Cheika on tight leash after surviving axe

Michael Cheika will remain as Wallabies coach through to next year's World Cup but his powers will likely be reduced with Rugby Australia set to appoint Scott Johnson above him as director of rugby.

Rugby Australia is yet to confirm the decision to appoint Johnson in the new role while retaining the under-fire Cheika as coach but The Daily Telegraph understands an announcement will be made as early as next week.

Johnson, who worked as the Wallabies attack coach under John Connolly during the 2007 World Cup, is among several men who have been linked as possible replacements for Cheika.


Rugby Australia secretly met with Johnson, who is currently working as Scotland's director of rugby and has been credited for turning their on-field fortunes around, during the Wallabies recent Spring Tour of Europe, and have been working out a deal for his return home.

The 56-year-old former Waratah has been coaching overseas for the last decade but is widely understood to want to return home.

The arrangement is seen as the best compromise to Rugby Australia's dilemma about whether to fire Cheika and pay him out or stick with him despite mounting criticism of the team's rapid slide down the world rankings.


Scott Johnson (L) is set to oversee Cheika in a director of rugby of role.
Scott Johnson (L) is set to oversee Cheika in a director of rugby of role.

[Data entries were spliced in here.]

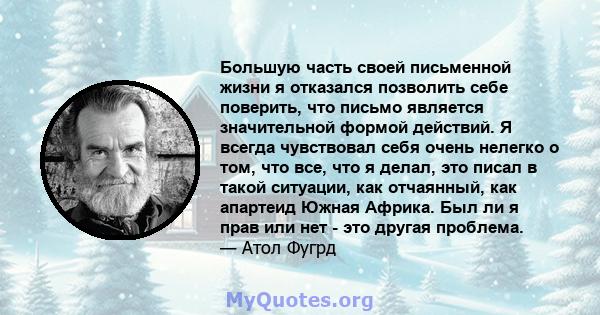 Большую часть своей письменной жизни я отказался позволить себе поверить, что письмо является значительной формой действий. Я всегда чувствовал себя очень нелегко о том, что все, что я делал, это писал в такой ситуации, 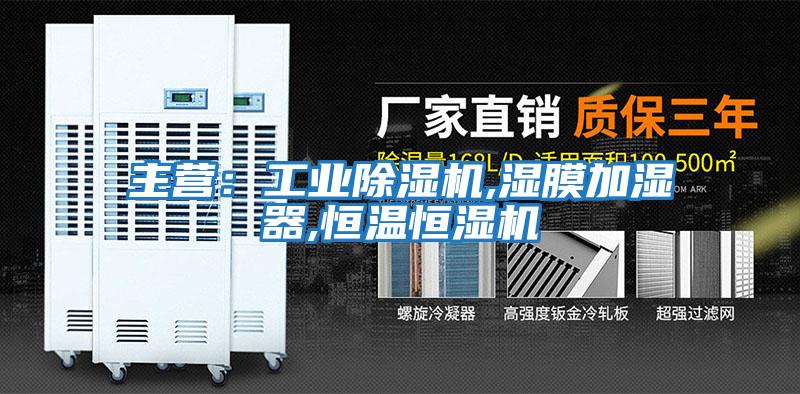 主營(yíng)：工業(yè)除濕機,濕膜加濕器,恒溫恒濕機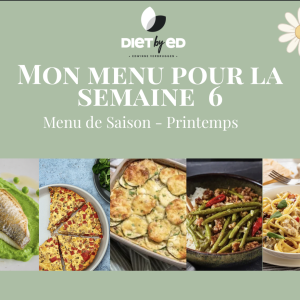 Mon menu de la semaine (SEM6) - Printemps 2026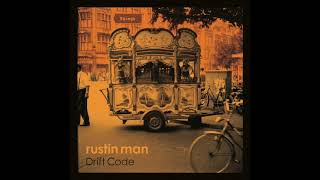 Rustin Man - The World&#39;s in Town (Official Audio)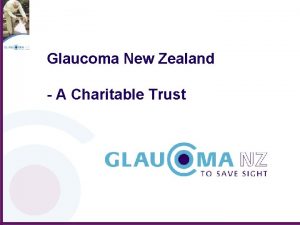 Glaucoma New Zealand A Charitable Trust Glaucoma New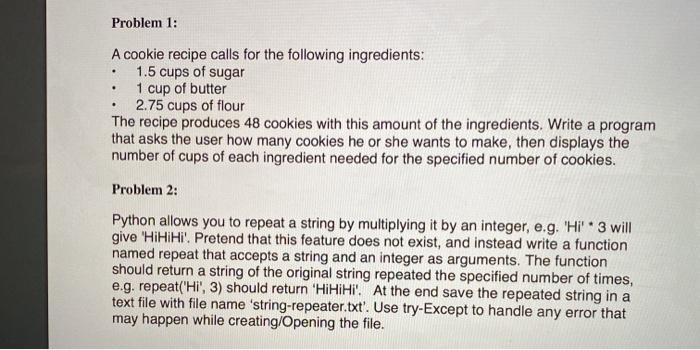 Solved Problem 1: . . A cookie recipe calls for the | Chegg.com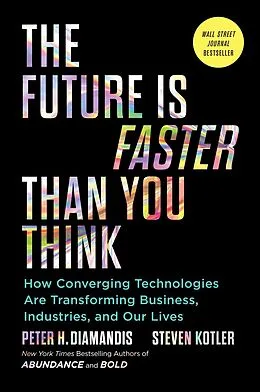 E-Book (epub) Future Is Faster Than You Think von Peter H. Diamandis, Steven Kotler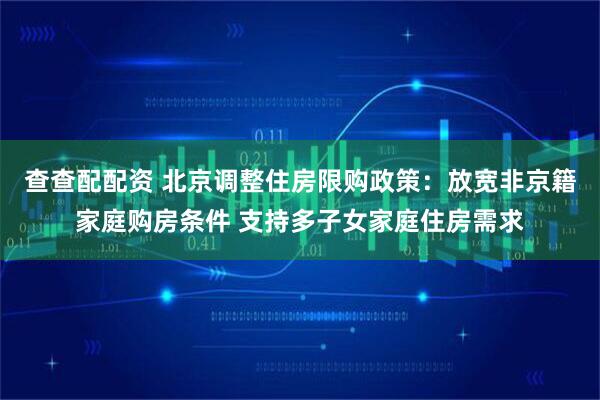 查查配配资 北京调整住房限购政策：放宽非京籍家庭购房条件 支持多子女家庭住房需求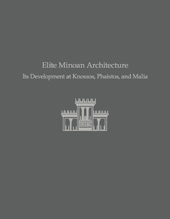 eBook, Elite Minoan Architecture : Its Development at Knossos, Phaistos, and Malia, Shaw, Joseph W., Casemate Group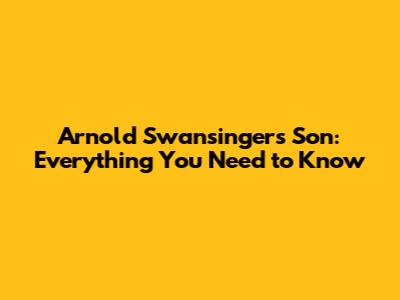 Arnold Swansinger's Son: Everything You Need to Know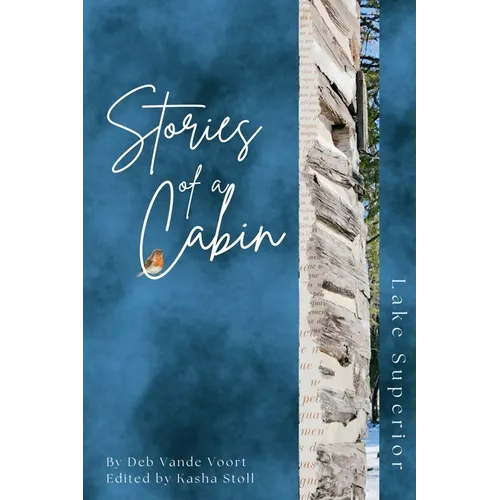 Stories of a Cabin: Lake Superior - Paperback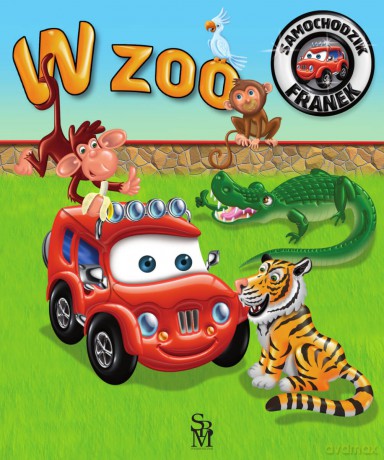 W ZOO. Samochodzik Franek - Elżbieta Wójcik, Wojciech Górski [KSIĄŻKA]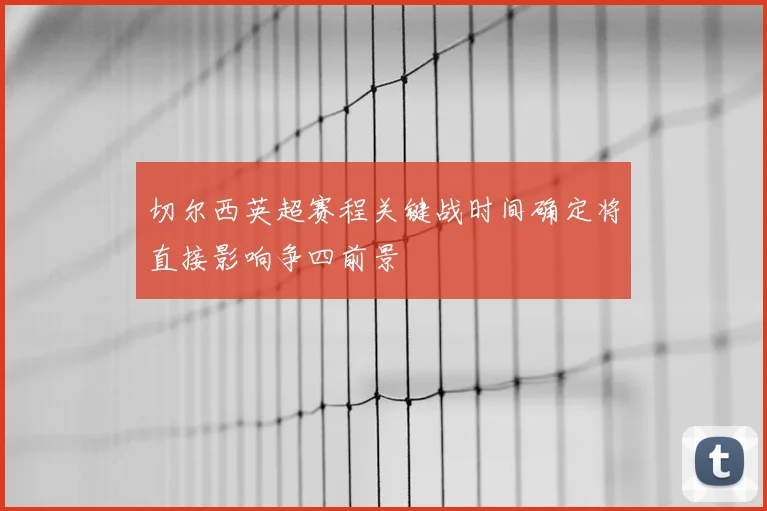 切尔西英超赛程关键战时间确定将直接影响争四前景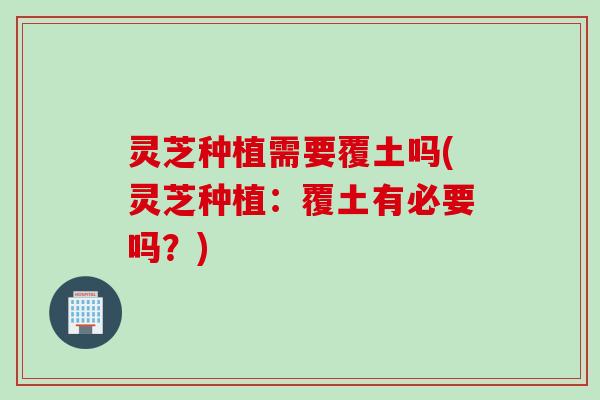 灵芝种植需要覆土吗(灵芝种植：覆土有必要吗？)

Cheika fronted the Rugby Australia board on Monday and chairman Cameron Clyne said a decision on his future would be made before Christmas but offered no insight into what was going on behind the scenes during a press conference that lasted less than a minute.

Clyne was heavily criticised for refusing to answer questions from journalists, though he did offer some cryptic clues.

"We obviously received a presentation from Michael Cheika and we're going through a process, so I'm not really in a position to elaborate," he said.


Cheika’s powers will be heavily reduced. Picture: Getty
Cheika’s powers will be heavily reduced. Picture: Getty


Significantly, Clyne did not provide an assurance that things would remain unchanged after the board had previously declared Cheika's job was safe even though the code's leaders were coming under intense pressure to try something different after the Wallabies lost nine of their 13 Tests in 2018 and fell from second to sixth in the world.

Cheika has not made any public comments since he returned home and did not attend Tuesday's annual players association awards ceremony in Sydney though his name was on the tip of everyone's tongue.

RUPA Medal winner David Pocock said senior Wallabies players had been kept in the dark about what was happening but said it wasn't up to them to decide the coach anyway.

"Like everyone else, we'll wait and see what happens this week and move on," he said.